◆ What needs to be done ◆
The exercise asks for every line of the data to be reproduced exactly.

◆ Data excerpt ◆
Content starts

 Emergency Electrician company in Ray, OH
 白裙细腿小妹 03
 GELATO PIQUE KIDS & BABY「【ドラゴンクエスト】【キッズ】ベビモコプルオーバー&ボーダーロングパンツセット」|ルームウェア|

Content ends

◆ Answer area ◆
 Emergency Electrician company in Ray, OH
 白裙细腿小妹 03
 GELATO PIQUE KIDS & BABY「【ドラゴンクエスト】【キッズ】ベビモコプルオーバー&ボーダーロングパンツセット」|ルームウェア|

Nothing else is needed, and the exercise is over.